Shown below is a listing with pictures; reproduce exactly, and only, the lines between the ones containing "Toile Claude Monet" and "1.06 Ct. Fancy", inclusive, leaving the pictures out.
-- Information supplied follows --
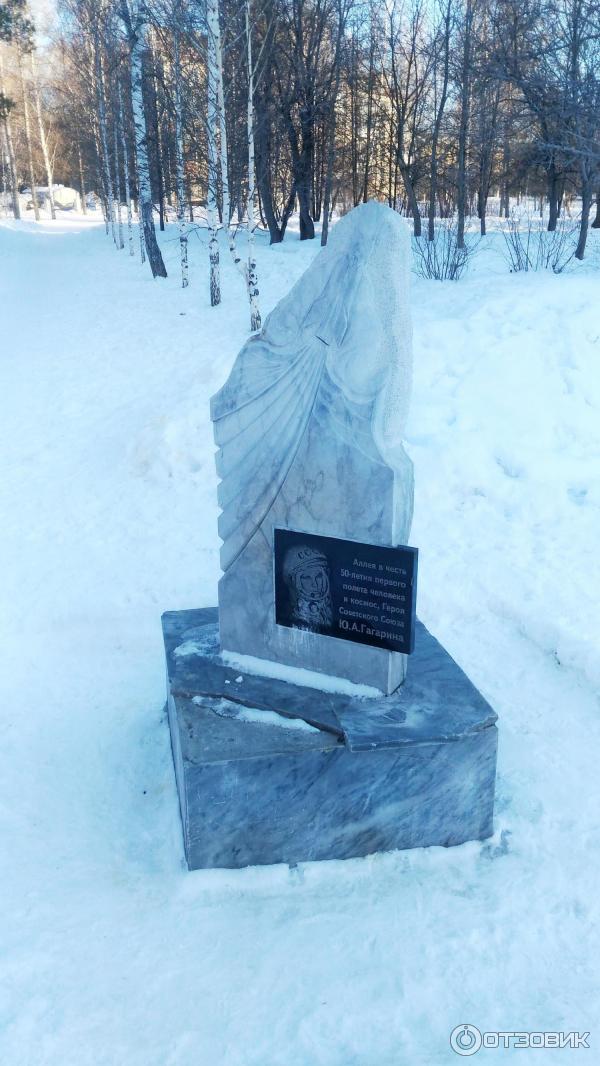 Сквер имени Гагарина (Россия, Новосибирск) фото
-- Information supplied concluded --
-- Information supplied follows --
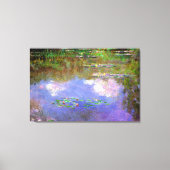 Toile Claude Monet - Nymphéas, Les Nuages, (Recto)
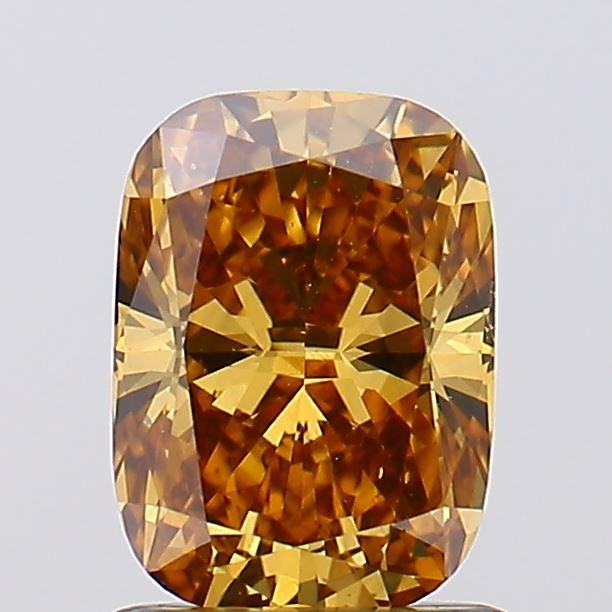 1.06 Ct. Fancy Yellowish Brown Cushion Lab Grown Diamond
-- Information supplied concluded --
-- Information supplied follows --
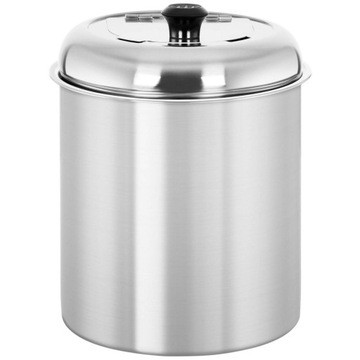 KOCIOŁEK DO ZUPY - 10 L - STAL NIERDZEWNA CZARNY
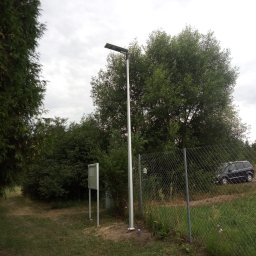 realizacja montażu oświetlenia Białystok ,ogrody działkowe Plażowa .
-- Information supplied concluded --
*Exercise response*
 Toile Claude Monet - Nymphéas, Les Nuages, (Recto)
 1.06 Ct. Fancy Yellowish Brown Cushion Lab Grown Diamond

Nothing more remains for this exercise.